- **Short descriptive text snippets**:
-*-

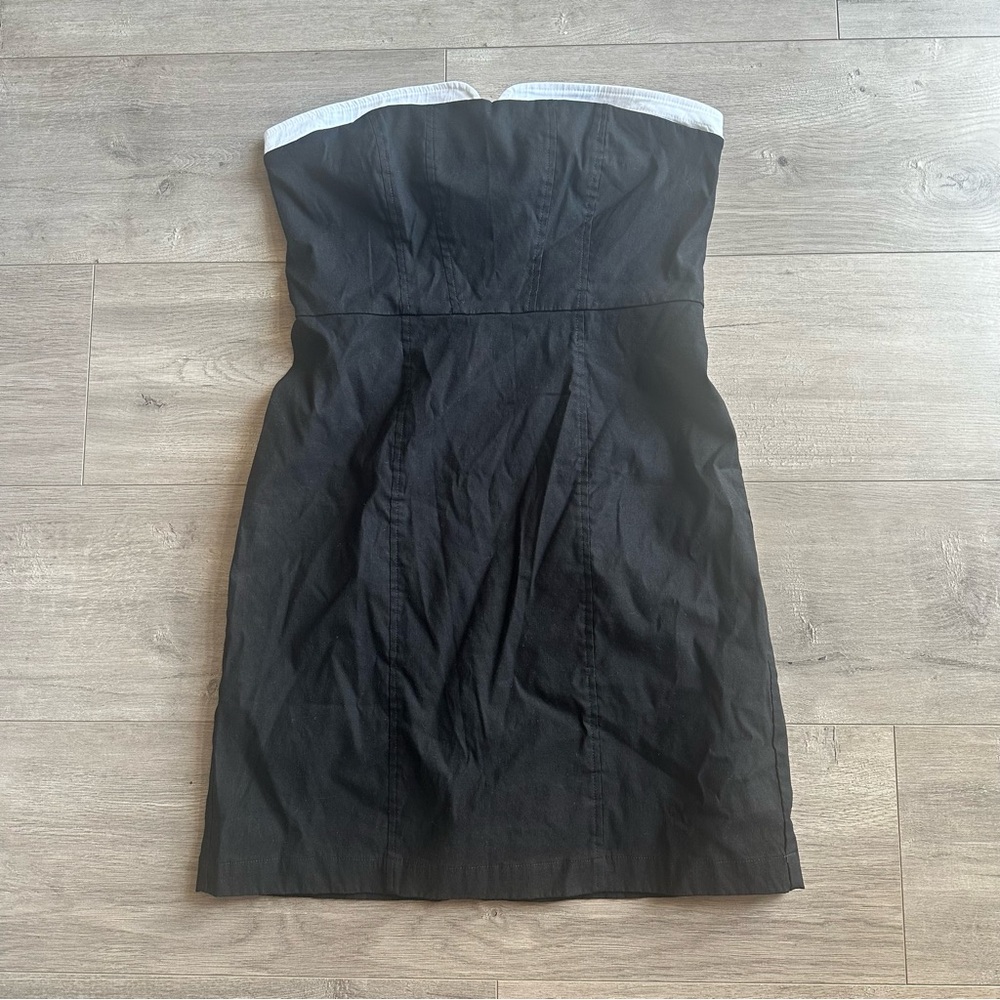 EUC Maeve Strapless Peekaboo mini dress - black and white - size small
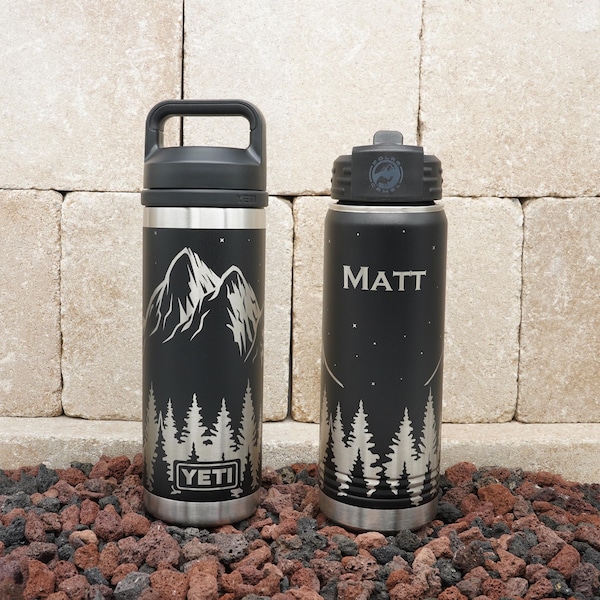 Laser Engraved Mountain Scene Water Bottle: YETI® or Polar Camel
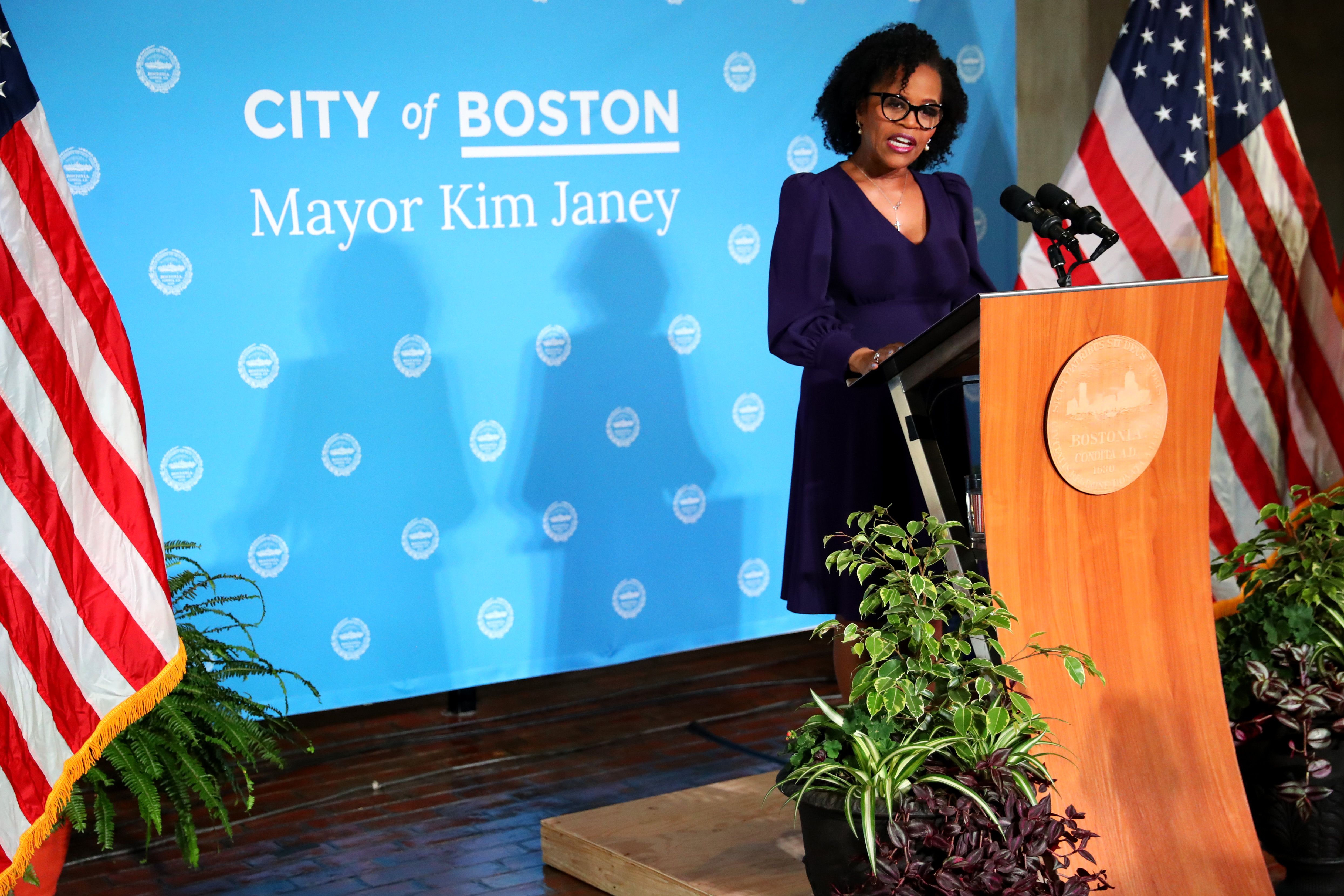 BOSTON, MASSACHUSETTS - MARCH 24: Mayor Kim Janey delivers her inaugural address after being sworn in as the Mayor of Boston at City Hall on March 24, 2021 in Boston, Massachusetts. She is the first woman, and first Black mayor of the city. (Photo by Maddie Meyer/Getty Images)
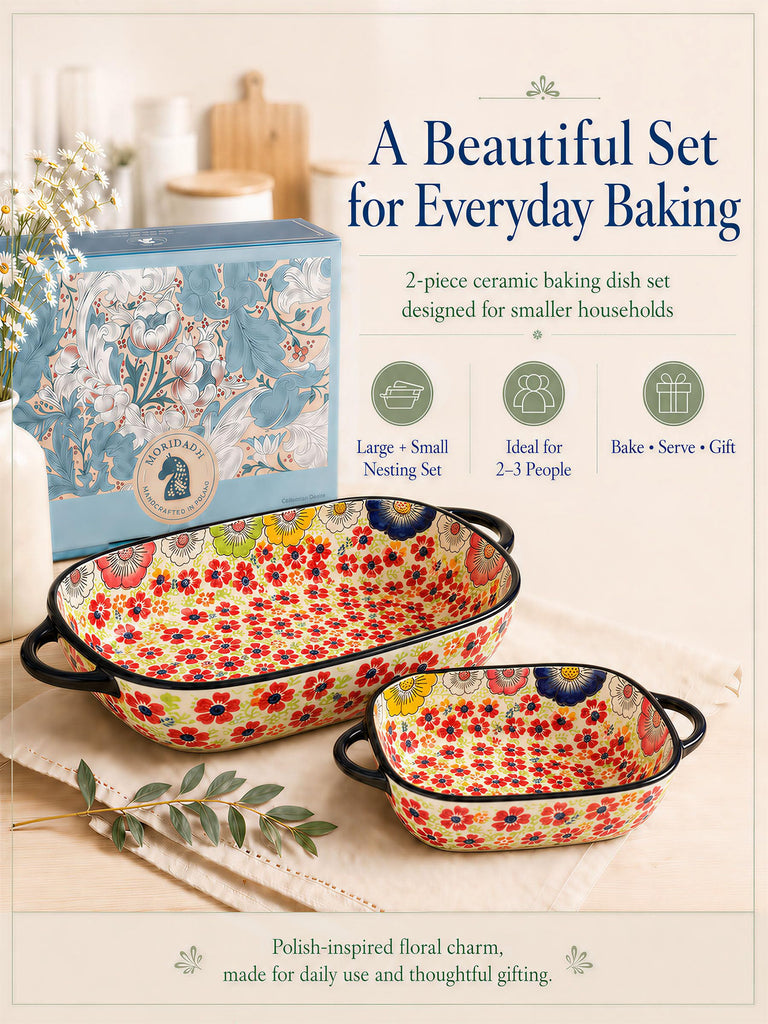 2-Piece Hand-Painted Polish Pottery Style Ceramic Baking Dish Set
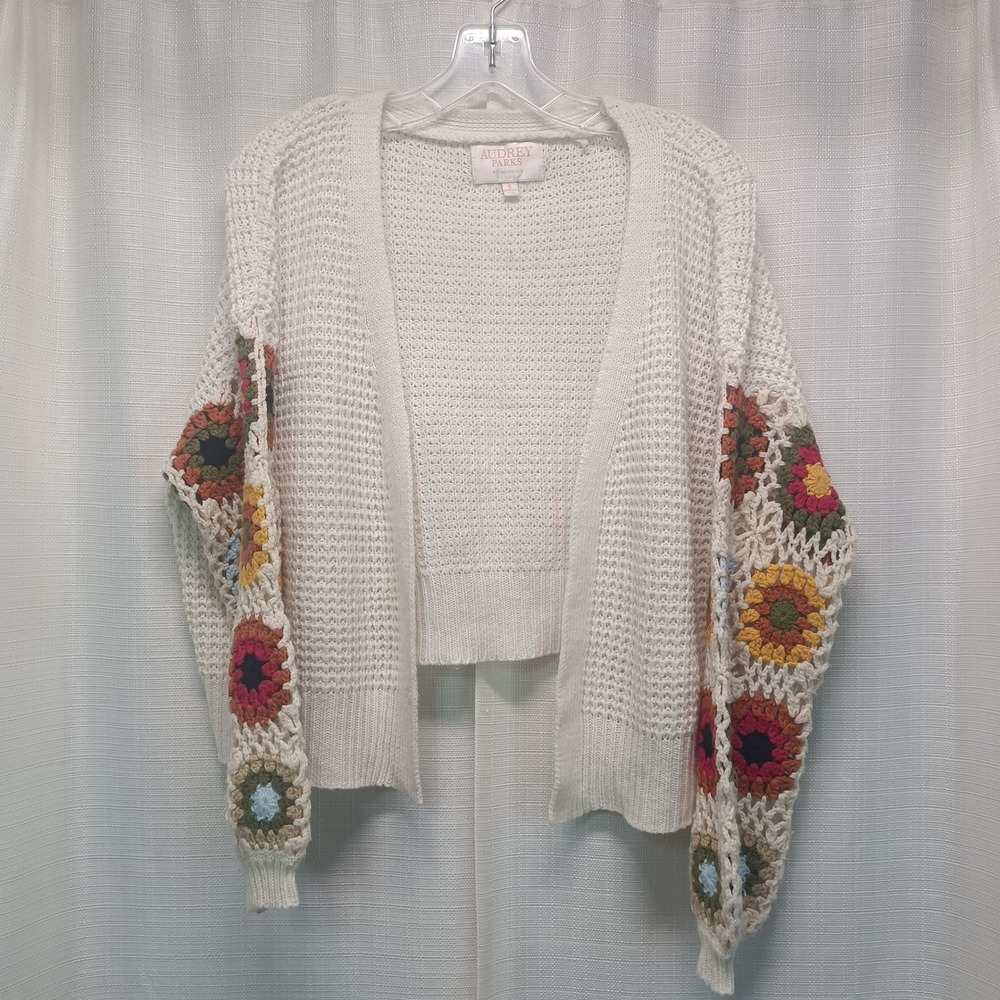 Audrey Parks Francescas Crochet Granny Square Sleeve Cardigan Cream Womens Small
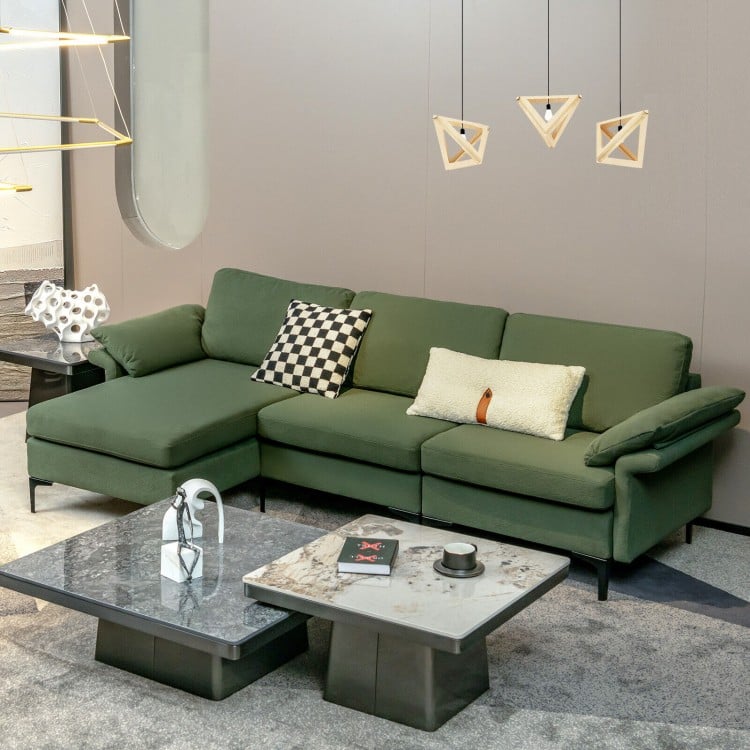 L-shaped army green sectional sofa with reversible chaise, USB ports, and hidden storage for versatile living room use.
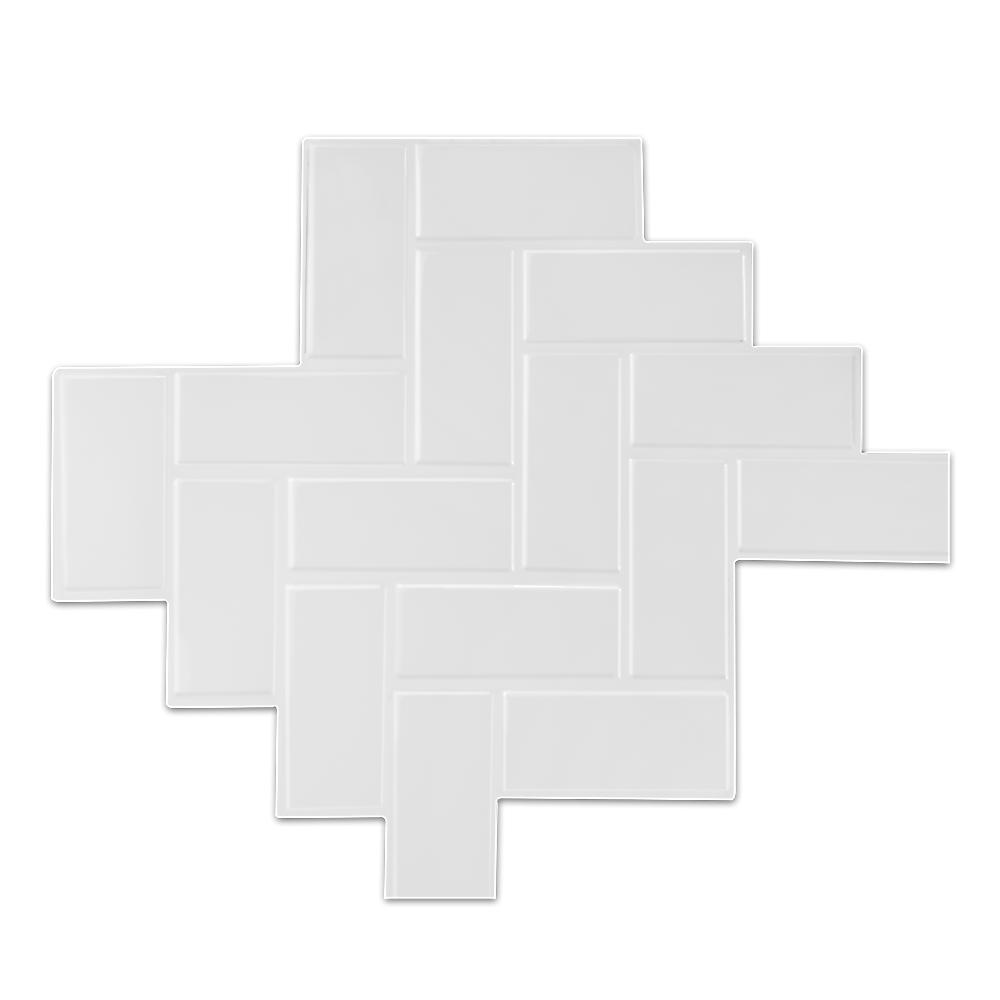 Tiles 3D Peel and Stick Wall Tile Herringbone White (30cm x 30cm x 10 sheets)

-*-

With every picture removed, give the entries above again exactly.

 EUC Maeve Strapless Peekaboo mini dress - black and white - size small
 Laser Engraved Mountain Scene Water Bottle: YETI® or Polar Camel
 BOSTON, MASSACHUSETTS - MARCH 24: Mayor Kim Janey delivers her inaugural address after being sworn in as the Mayor of Boston at City Hall on March 24, 2021 in Boston, Massachusetts. She is the first woman, and first Black mayor of the city. (Photo by Maddie Meyer/Getty Images)
 2-Piece Hand-Painted Polish Pottery Style Ceramic Baking Dish Set
 Audrey Parks Francescas Crochet Granny Square Sleeve Cardigan Cream Womens Small
 L-shaped army green sectional sofa with reversible chaise, USB ports, and hidden storage for versatile living room use.
 Tiles 3D Peel and Stick Wall Tile Herringbone White (30cm x 30cm x 10 sheets)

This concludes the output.